====== DATA FOR THIS TASK

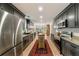 A contemporary kitchen with stainless steel appliances, granite countertops, and hardwood floors at 1168 Eggleston Sw St, Atlanta, GA 30310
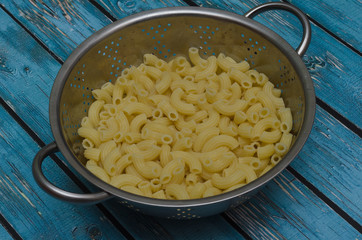 boiled italian pasta in aluminum colander on wooden blue background
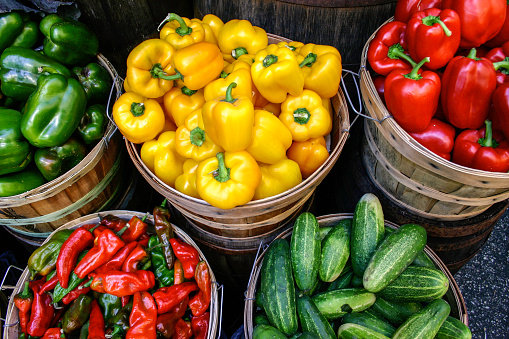 Baskets of peppers and cucumbers for sale at a farmers market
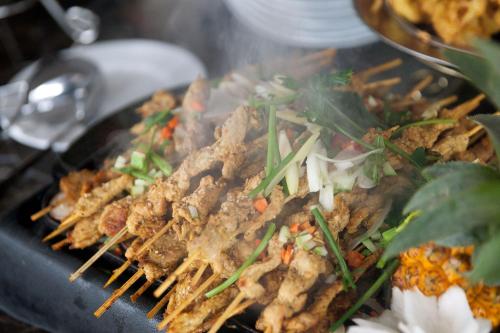 a pile of food on a black plate at Mila Cruises in Ha Long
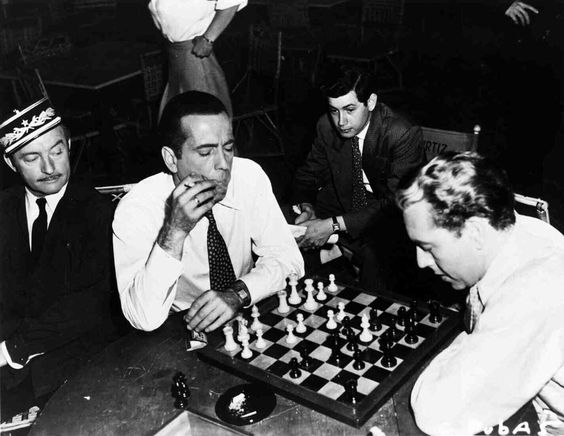 Bogie played on movie sets for years (photo below during the filming of Casablanca). His famous opponents included friend and fellow actor Theodore Bikel (they tried playing a blindfolded game) and chess master Samuel Reshevsky (Bogart played him to a draw).  #chess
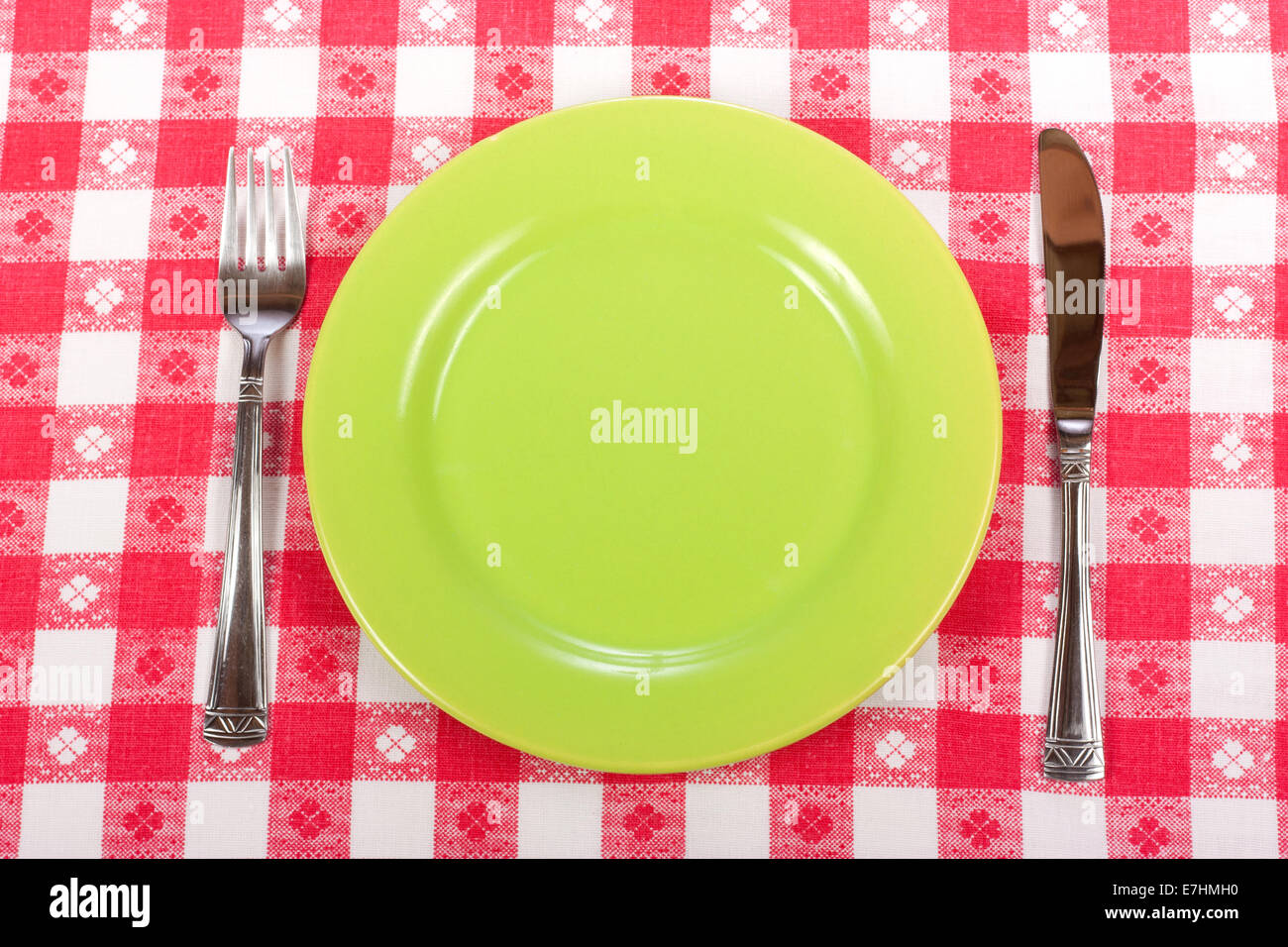 Couteau, assiette verte et rouge sur fourche vérifié cirée Banque D'Images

============

## WORK TASK
Would you give the data above again word for word, skipping any images?

## TASK ANSWER
 A contemporary kitchen with stainless steel appliances, granite countertops, and hardwood floors at 1168 Eggleston Sw St, Atlanta, GA 30310
 boiled italian pasta in aluminum colander on wooden blue background
 Baskets of peppers and cucumbers for sale at a farmers market
 a pile of food on a black plate at Mila Cruises in Ha Long
 Bogie played on movie sets for years (photo below during the filming of Casablanca). His famous opponents included friend and fellow actor Theodore Bikel (they tried playing a blindfolded game) and chess master Samuel Reshevsky (Bogart played him to a draw).  #chess
 Couteau, assiette verte et rouge sur fourche vérifié cirée Banque D'Images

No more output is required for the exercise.